811C Transactions to avoid liability to tax

Summary

This is a general anti-avoidance measure that applies to transactions that are commenced after 23 October 2014. This section supersedes section 811 from that date and is intended to defeat the effects of transactions which have little or no commercial reality but are intended primarily to avoid or reduce a tax charge or to artificially create a tax deduction or tax refund. The taxes covered by this section are income tax, corporation tax, capital gains tax, value-added tax, capital acquisitions tax, stamp duty and the universal social charge.

The section denies any person the benefit of a tax advantage created through the use of a tax avoidance transaction. If a person claims that benefit, contrary to the section, then a Revenue officer can withdraw or deny that tax advantage and that can be done through the making or amending of an assessment. The normal appeal and collection rules apply to an assessment made or amended pursuant to this section.

Genuine business transactions, even if carried out in a manner intended to attract the minimum amount of tax, are not to be regarded as tax avoidance transactions. Neither is the legitimate use of a tax relief to be regarded as a tax avoidance transaction.

Details

Definitions and construction

(1)(a) Various expressions are defined; some of these are self-explanatory.

“the Acts” applies the section to income tax, corporation tax, capital gains tax, valueadded tax, capital acquisitions tax, stamp duty and the universal social charge.

“assessment” includes any assessment, including any amended assessment, correcting assessment and any estimate or estimation. These various references are to recognise the different words used to describe what is essentially an assessment under all of the Acts to which section 811 applies.
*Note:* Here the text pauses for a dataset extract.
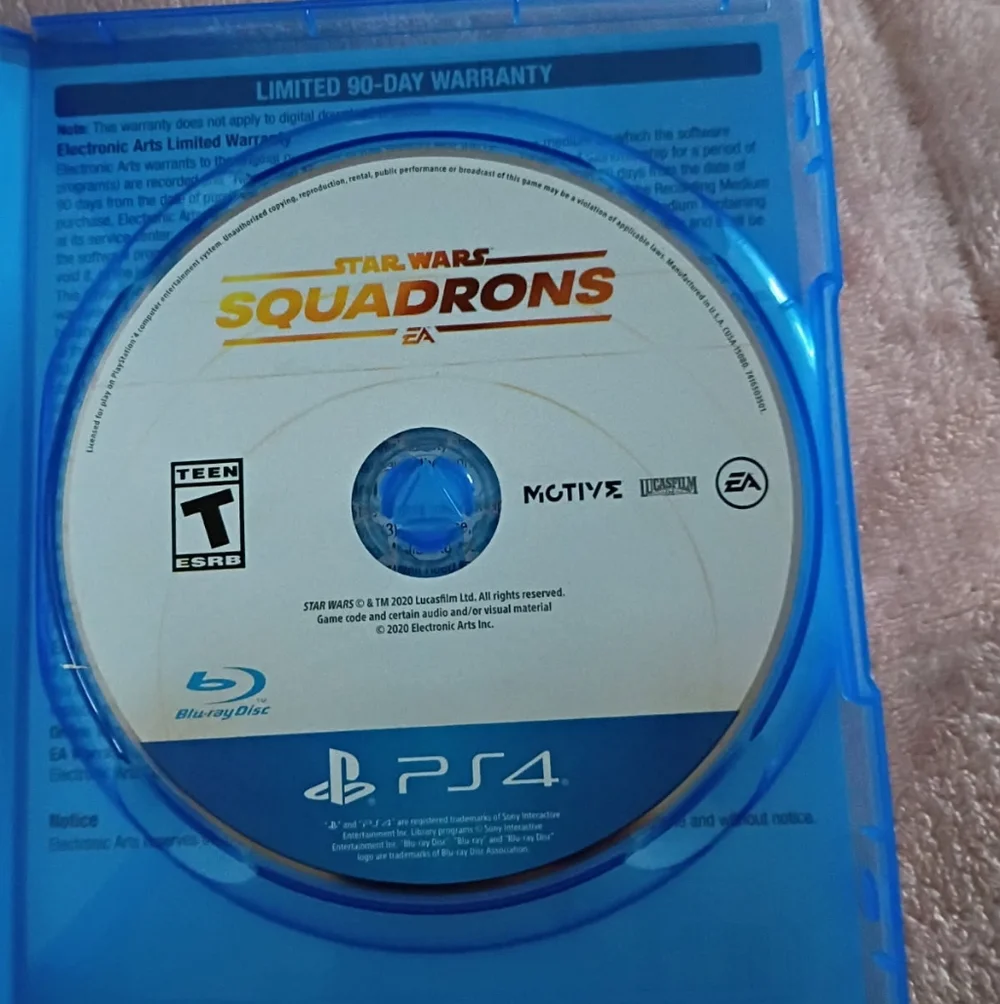 Sony PS4 Star Wars:‎ Squadrons Pre-Owned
“tax”, as defined, covers not only the avoidance of the taxes imposed by the Acts but also the avoidance of any interest payable under the Acts.
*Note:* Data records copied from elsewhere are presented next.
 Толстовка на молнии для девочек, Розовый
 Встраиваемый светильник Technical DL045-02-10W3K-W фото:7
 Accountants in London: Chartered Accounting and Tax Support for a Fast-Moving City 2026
“tax advantage” is, essentially, the effect which the would-be tax avoider is trying to achieve through a tax avoidance scheme. It includes reducing the amount of tax payable, avoiding the payment altogether, deferring the payment, generating a refund or payment of tax to the tax avoider or increasing the amount of a refund or other amount payable to the tax avoider.

The reference to “potential or prospective” amounts is to deal with situations where the tax avoidance transaction is carried out now but the benefit of the transaction will not arise until a future date. An example of this would be the artificial creation of a loss which will be used to reduce future gains. The reference to “a transaction where another transaction would not have been undertaken, etc” is intended to defeat arguments to the effect that there is no tax loss (and, accordingly, no tax avoidance) because if the avoidance transaction had not been undertaken, an alternative transaction would not have been undertaken.
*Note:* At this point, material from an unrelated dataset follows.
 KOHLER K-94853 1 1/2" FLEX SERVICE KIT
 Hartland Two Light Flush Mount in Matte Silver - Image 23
“transaction” describes the actions and activities which can be considered to be transactions for the purposes of identifying a tax avoidance transaction. The definition is cast in very broad terms in an attempt to cover all types of tax avoidance schemes and devices, including schemes involving collusion between different parties, schemes which involve the use of foreign tax havens and transactions which take place as part of a larger transaction in order to avoid the tax arising on that larger transaction (for example, where a genuine sale of a property takes place but a scheme is inserted as part of the sale transactions in order to avoid capital gains tax on the sale proceeds).

(1)(b) This subsection provides that section 811C and section 811D apply, notwithstanding any other provision of the Acts.

Tax avoidance transactions

(2)(a) The term “tax avoidance transaction” is defined. Essentially, one must first consider the substance of the transaction and any related transactions, and not just the form of the transaction. This is necessary so as to get behind the facade of transactions and see their true purpose. One must also consider a transaction by reference to what it brought about and how it went about doing so and to alternative ways of achieving the outcome of the transaction. If having done this, it would be reasonable to consider that the transaction effectively had little or no commercial purpose and was entered into primarily for tax avoidance purposes, then the transaction is a tax avoidance transaction.

(2)(b) The measure does, however, contain comfort and reassurance for business people and for persons claiming tax reliefs. Carrying out genuine business transactions in a manner which attracts the minimum tax charge does not constitute tax avoidance. The test is that the transaction must be a genuine business transaction carried out with a view to the realisation of profit and not primarily for tax avoidance. Likewise, claiming a tax relief in such manner as not to constitute an abuse of the relief is not tax avoidance.

Withdrawing or denying the tax advantage

(3) This subsection provides that a person is not entitled to claim the benefit of any tax advantage that arises from a tax avoidance transaction.

Revenue withdrawing or denying a tax advantage claimed, contrary to subsection (3)

(4)(a) Where, notwithstanding subsection (3), a person has by filing a tax return or in some way sought to claim the benefit of a tax advantage, then a Revenue officer may at any time withdraw or deny that tax advantage.

(4)(b) &(c) In order to withdraw or deny that tax advantage, the Revenue officer

  • may make or amend an assessment,
  • allow or disallow in whole or in part any credit, deduction or other amount which is relevant in computing tax payable,
  • allocate or deny any credit, deduction, loss, abatement, relief, allowance, exemption, income or other amount, or any part thereof, or
  • recharacterise, for tax purposes, the nature of any payment or other amount.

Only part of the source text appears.